One of North America's most diverse and most widely-dispersed rolling stock fleets did not turn a wheel. It was not interchanged. It was never inspected by a carman or even put in a consist. But it took on thousands of passengers. For an hour or two at a time. They ate hamburgers, blew out candles, and ate cake. They were at McDonald's restaurants in Charlottetown, Winnipeg, Bay Roberts, NL, Lasalle QC (ex-CP), Orillia ON, Stratford ON, Spokane, Tulsa, Waterford NY, Swanton OH, Stillwater OK, Elkton VA, Thayer MO, New Bedford MA, Crystal Lake IL, and Santa Monica, CA (the latter still with ACI tag!) and countless other untallied locations. Welland, ON hosted RMCX 001 - an ex-CN caboose with appropriate reporting marks. I posed witih our two kids on a trip to Niagara Falls and the Welland Canal in June, 1995 during a breakfast stop (top photo). This fleet began to form around 1978. Just in time for the bowl-cut generation, as this 1979 TV commercial shows.
Ottawa's St Laurent Boulevard location hosted one (above) as did McDonald's Bells Corners location.
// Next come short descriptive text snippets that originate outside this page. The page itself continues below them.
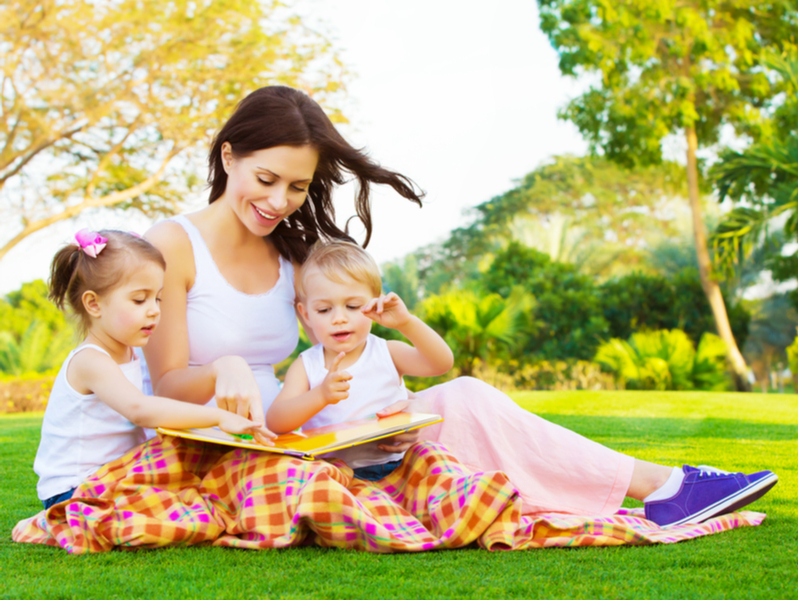芝生の上で絵本を読む女性と子供2人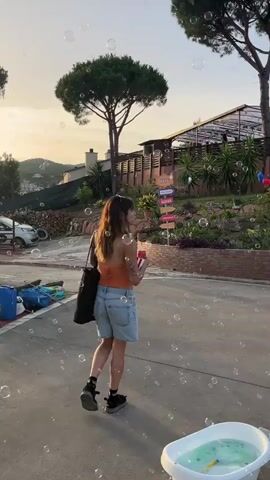 A woman with brown hair, wearing an orange crop top, denim shorts, and black sneakers, stands outside. She holds a red and white striped popcorn container in her left hand. Bubbles float around her. In the background, there is a building, trees, and a hill. The woman turns to her right, smiles, and waves her right arm. A black tote bag hangs from her left shoulder. She appears to be standing on a paved surface.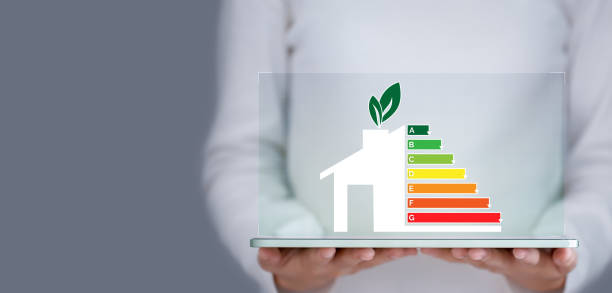 Energy efficiency and green energy concept, woman hand holding tablet and looking at house efficiency rating. Energy efficiency and green energy concept, woman hand holding tablet and looking at house efficiency rating. energy efficient stock pictures, royalty-free photos & images
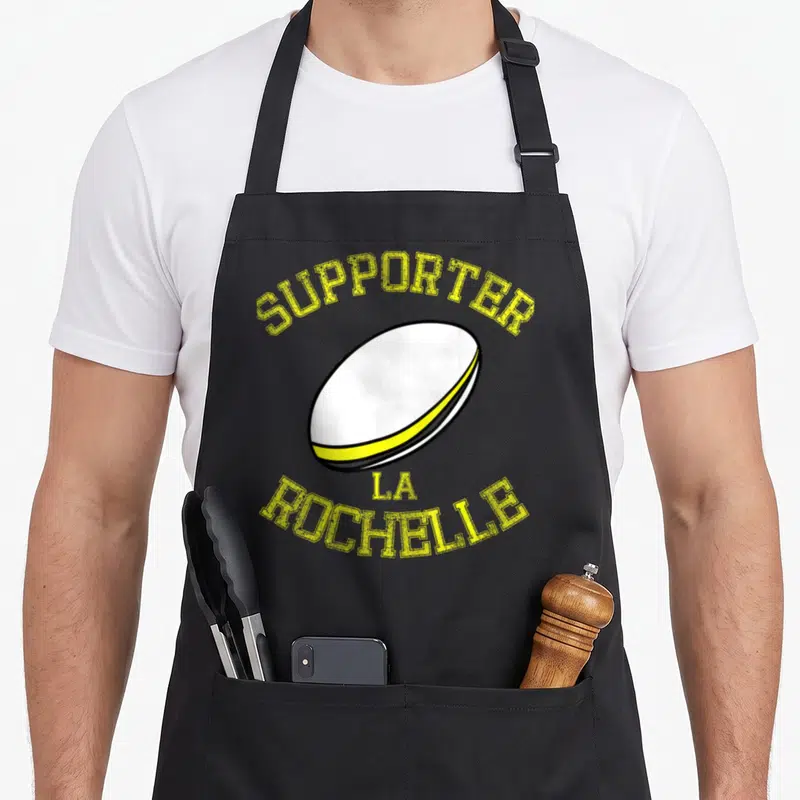 Tablier de cuisine noir avec illustration de ballon ovale blanc et texte jaune Supporter La Rochelle.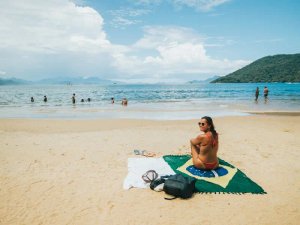 Woman sitting on the white sand beach of Ilha Grande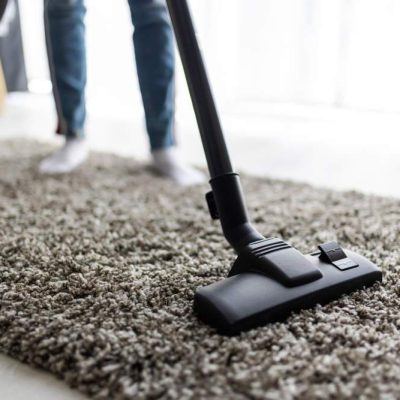 people-housework-housekeeping-concept-close-up-woman-with-legs-vacuum-cleaner-cleaning-carpet-home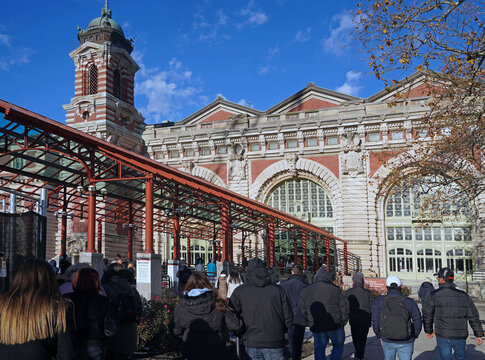 Tourists disembarking from the ferry at the Ellis Island Immigration Museum in New York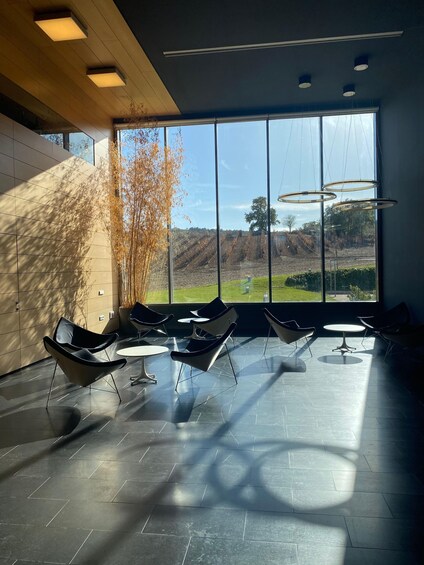 A modern interior with large windows, black chairs, and a view of a hilly landscape. 2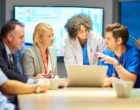 a mixed group of healthcare professional and business people meet around a conference table
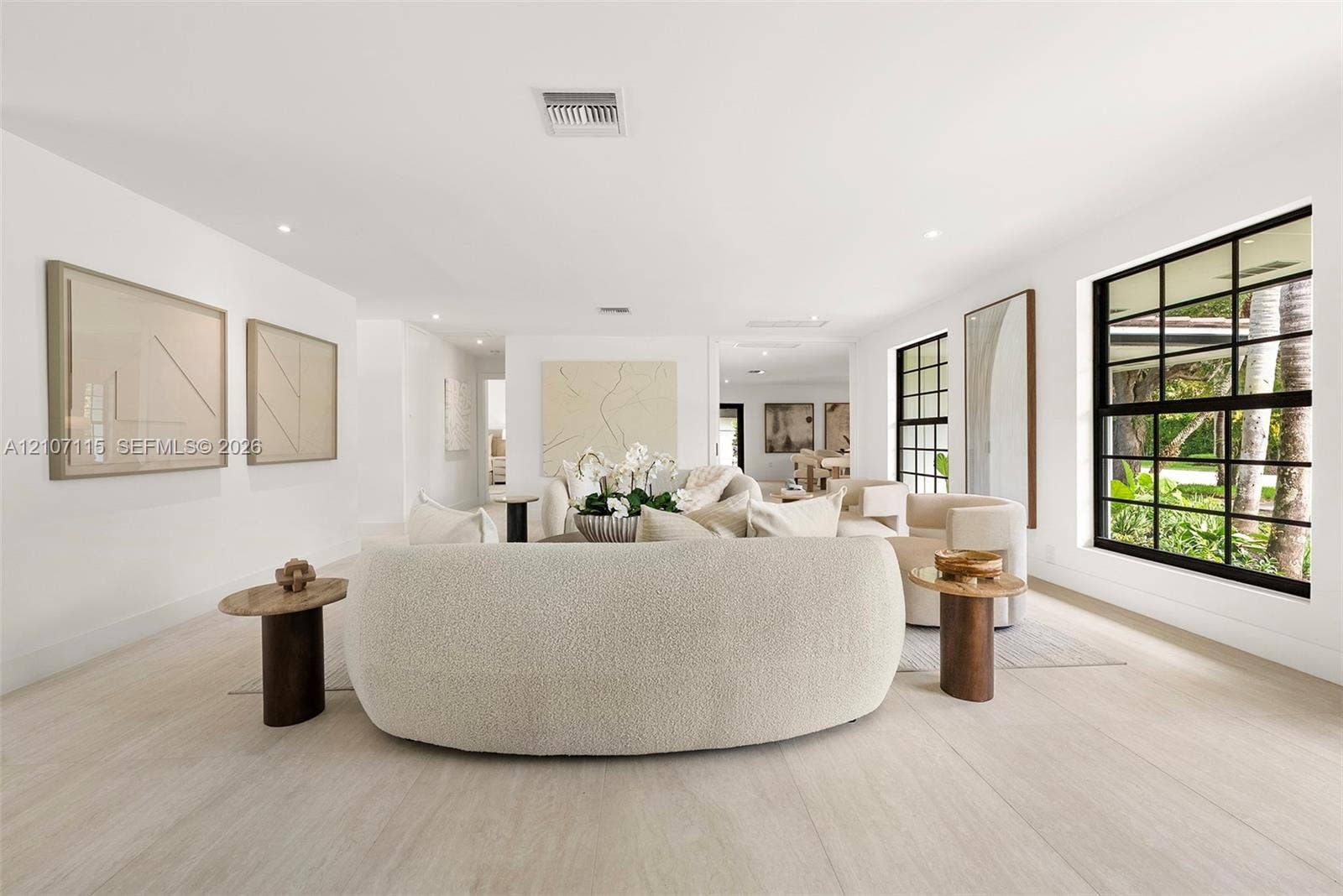 Interior space featuring light-toned flooring, expansive windows with black frames, and recessed lighting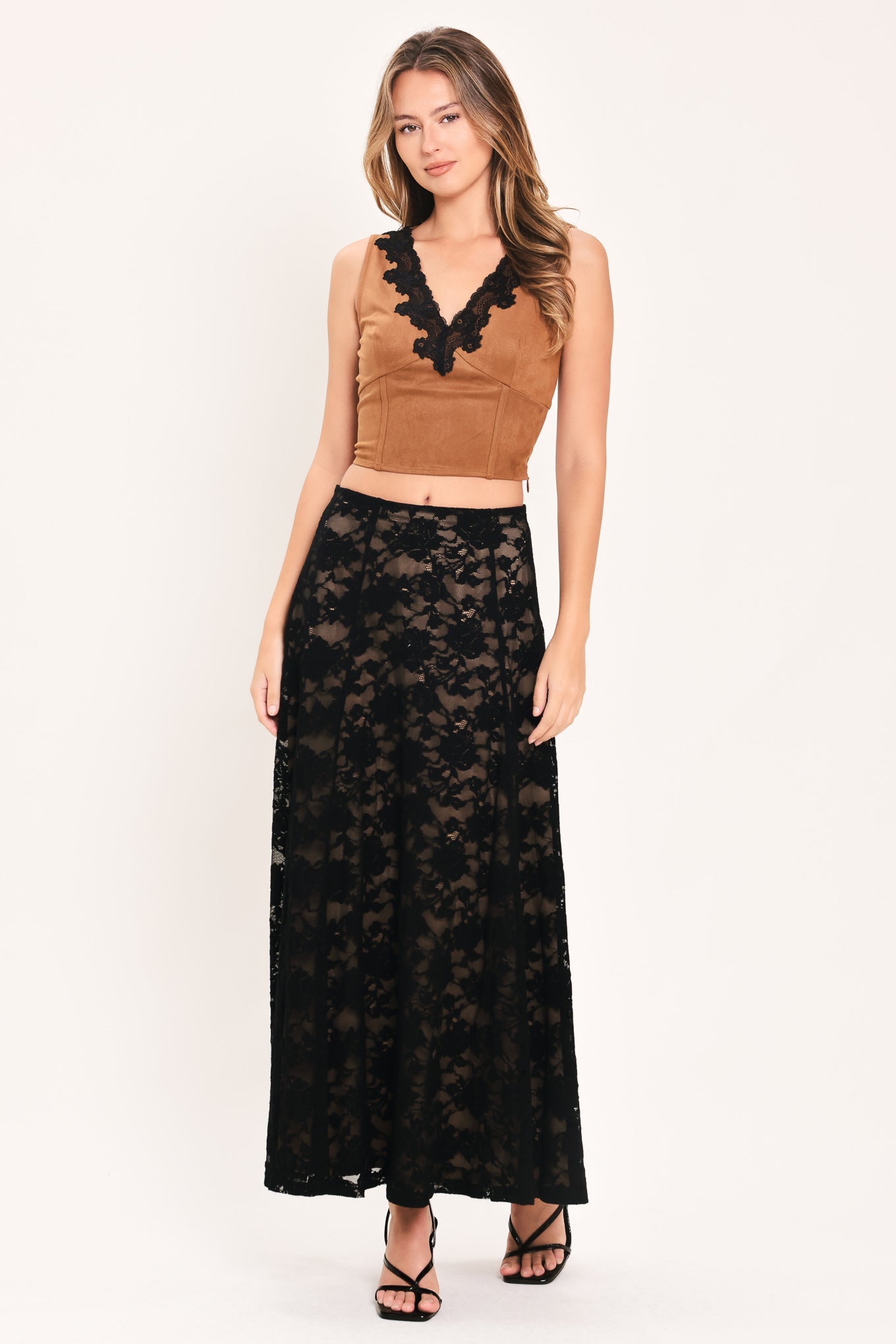 A woman modeling a two-piece outfit consisting of a brown velvet sleeveless crop top with black lace trim and a long black lace maxi skirt, against a plain white studio background.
An ex-CN caboose in Cowansville, QC (below). Only the top and bottom photos are mine - the others are from online photo sites like Flickr. Actually the top photo was taken by my wife, with me and the two kids on the rear platform! Interestingly, while the ex-CN Welland caboose is shown in the 1995 Canadian Trackside Guide, it was not included in the 1989 version. A casual search of Ontario locations in that year's CTSG yielded ex-CN cabooses in Chatham, Collingwood, Georgetown, Kitchener, Leamington, Mississauga (2), Nepean, Orangeville and Owen Sound, with an ex-CP caboose in Hamilton. In the 2008 CTSG, none of those sites still had cabooses. Collingwood's and Owen Sound's were moved to nearby stations/museums.
Though McDonald's corporate department seems to have had a policy on placing these cars, there was no mandated paint scheme. Cars were taken from local railways, so car types also varied. Some had cupolas, while some did not, such as this Mount Holly, NJ ex-Conrail bay window:
With 37,000 locations worldwide, there is considerable variation in McDonald's restaurant design. For some time, McDonald's has been ditching the formica tables and cheap wood panelling, red-and-yellow 'cafeteria' look of its restaurants to make them appear more cafe-like, i.e. without those pivoting chairs on posts with hard backs! Ouch. The same is true for the cabooses! Composite construction in Boulder, CO:
Barstow Station in Barstow, CA actually gets reviewed on Tripadvisor and Yelp. It's one of the remaining railroady facilities with three (!) passenger cars and a red-and-yellow caboose plus blue Santa Fe boxcar:
 A stainless steel passenger car at Fall River, MA:
The current i'm lovin' it campaign began in 2003, and was one of 23 slogans that McDonald's has trumpeted in its advertising over the years.
 Bayland TX (above) El Paso TX (below)
This brightly-painted ex-CN caboose is no longer at the McDonald's restaurant on Lougheed in Vancouver (below). Party hats, the 'municipal' presence of Mayor McCheese and the delight of opening cheeseburger happy meals within the confines of a caboose would be memories in the making.
With the steady demise of party cars, many have found new homes in museums or with private owners. Some franchisees have taken the cars with them or moved them to friends' properties. Locally, the Thurlow Golf Centre, just north of Belleville on Towncentre Drive, just off North Front Street/Highway 62 still hosted a off-rails caboose in this June, 2015 Googlemaps street view: 
Interestingly, I wondered why this former DT&I 153/Grand Trunk Western caboose had arrived in Belleville yard back in September, 1997, in the company of CN ingot cars and ballast cars. The caboose may no longer be at the golf centre, which is now out of business.
After this post was published, Jeremy MacPherson kindly sent in this online auction site photo of an ex-CN caboose in Saint John NB that later served as a take-out in Quispamsis. Equipped with gingerbread and air-conditioning!

Running extra...

If you've seen Trackside Treasure's sidebar, you'll see my second of five blogs - it's Fast Food and Trains (FFAT for short). As we all know, if you're trainwatching, you're eating fast food (sorry, granola types if I'm superimposing my values on yours - chew on). This post would be equally at home on that blog.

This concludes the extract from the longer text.